As an injured runner, recovery and rehab may seem like it lasts forever. But it doesn’t have to. Check out these tips to staying fit and happy through recovery!
When you’re an injured runner, the road to recovery can seem long and never-ending. It can feel like time is literally standing still. And if you do nothing but wallow in your own misery, yeah, it might as well be standing still. But if you do something to help pass the time — say all those stretching and strengthening exercises you neglected for so long — you won’t feel like a hostage to immobility. By staying fit and active through your recovery, you’ll come back reenergized and stronger than ever. Follow these tips, tricks, and workouts to feel your best and come back feeling powerful — not powerless.
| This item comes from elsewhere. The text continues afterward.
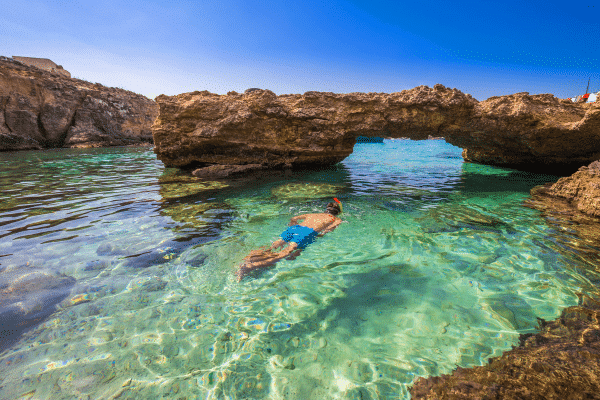 saknar-du-sol-och-varme-just-nu-soker-vi-efter-personer-som-vill-jobba-som-online-croupier-pa-malta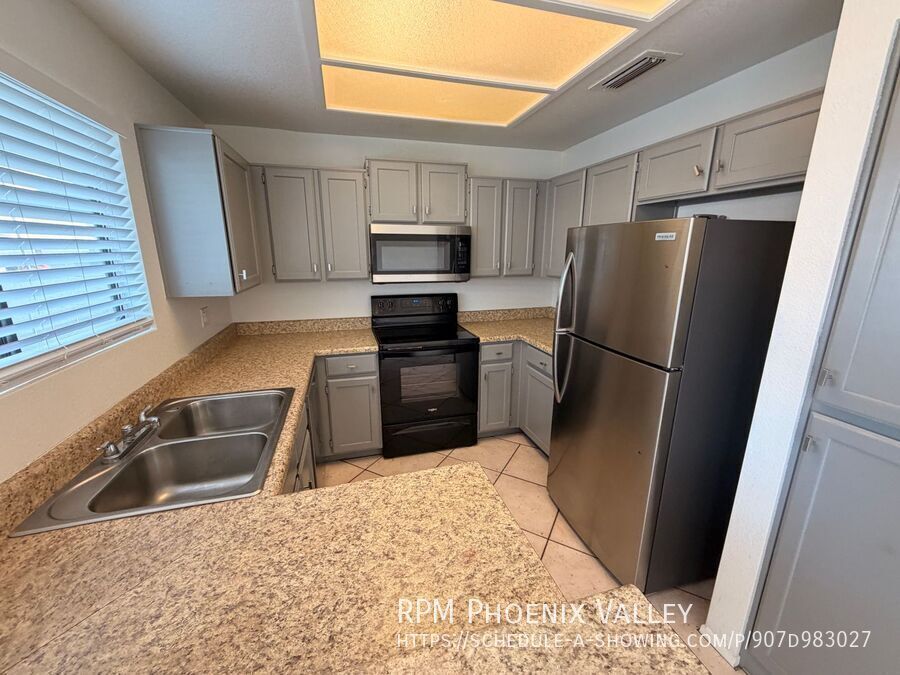 Charming 3Bed /2 Bath Chandler Townhome With *NO* Carpet! property image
What’s an Injured Runner to Do?
Tips to staying fit and happy through recovery.
1. Stay active with cross-training or new activities.
The easiest way to feel like you’re in control of your injury is to stay active. Pick an activity that won’t aggravate your condition or will complement your comeback strategy.
Injury rehab usually coincides with some sort of cross-training. For me, I often seek solace in the bike when I can’t run. Others prefer to go pool running or the elliptical. And others yet choose CrossFit, barre, pilates, spin classes, and more. The options are endless!
Keep in mind the activity you choose will be highly dependent on your ability to do it without setting back your injury recovery. If you can’t safely or comfortably perform exercises without guidance so as not to aggravate your condition, you may want to consider joining a gym or hiring a personal trainer. Learn more about how joining a gym and/or hiring a trainer can benefit you as a runner even when you’re not injured. And if you’re interested in a fun way to stay fit, check out the Burpees, Planks, and Push-Ups Challenge.
2. Activate those glutes!
It seems like almost every running-related injury can be attributed to lack of glute-activation or strength. Work on strengthening your glutes while you’re injured so that when it’s time to get back to running, you’ll be ready to go. Check out my Hip and Glute Strength workout to help.
3. Incorporate yoga into your rehab.
Keeping our bodies stretched and toned will help immensely with aches, pains, and injuries. If yoga has never been your thing or you push it to the wayside during training, yoga during injury rehab can be a great way to incorporate it into your running routine. Be careful not to overdo it, though. You don’t want to re-injure a healing muscle or tendon. Find out more about yoga and how it can benefit runners here!
Being an injured runner really stinks, and yes, it can seem like the healing process lasts for an eternity. My advice is to stay fit and take an active role in your recovery. Time will press on and before you know it you’ll be back to running and having fun. And who knows, you may even discover an amazing workout or activity you wouldn’t have found had you not been injured!
What’s your favorite way to cross-train?
True or false: you strength train enough during a training cycle?